- **Dataset extract**
☆ ☆ ☆

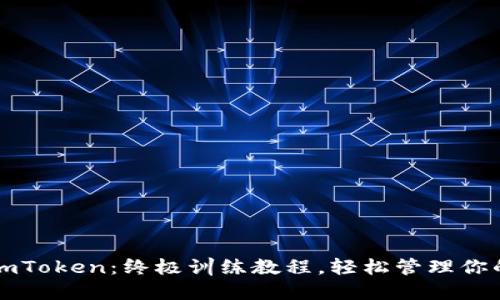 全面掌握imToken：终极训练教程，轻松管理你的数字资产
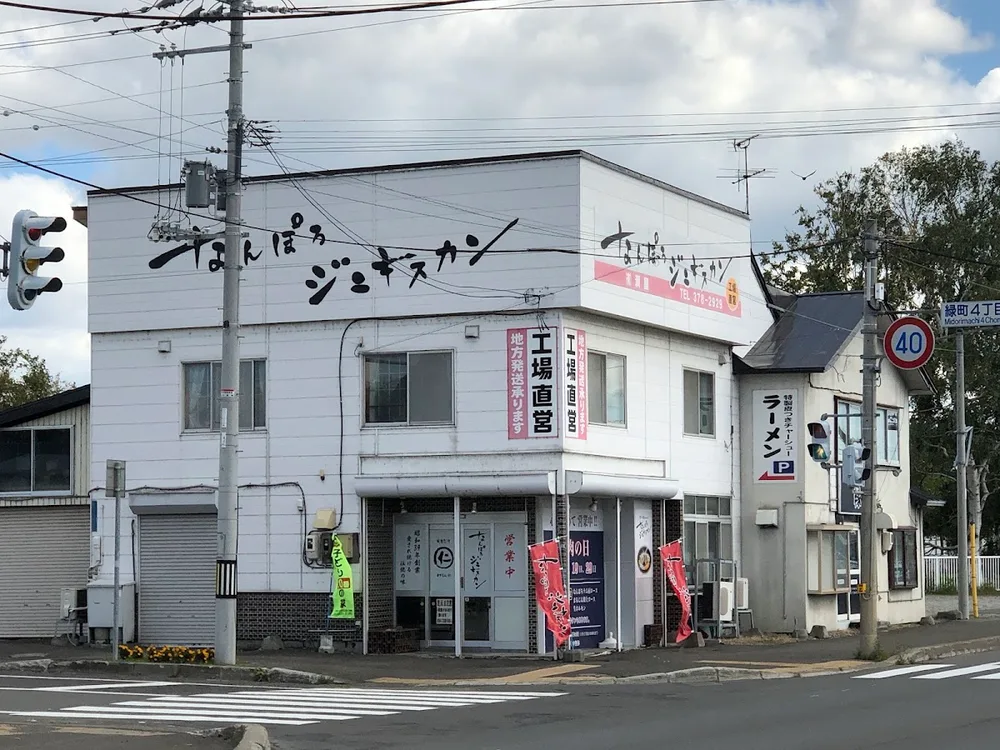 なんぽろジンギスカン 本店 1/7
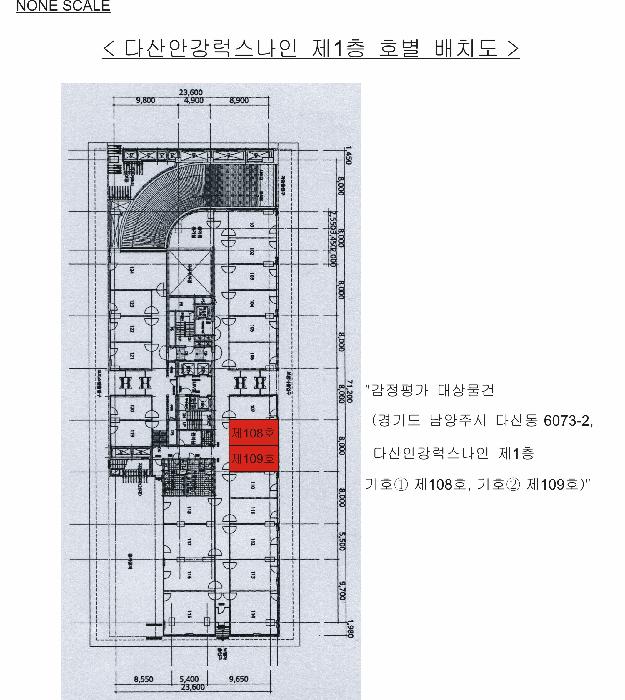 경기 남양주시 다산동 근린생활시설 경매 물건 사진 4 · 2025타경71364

☆ ☆ ☆

Repeat the whole listing above word for word. Leave out the pictures.

 全面掌握imToken：终极训练教程，轻松管理你的数字资产
 なんぽろジンギスカン 本店 1/7
 경기 남양주시 다산동 근린생활시설 경매 물건 사진 4 · 2025타경71364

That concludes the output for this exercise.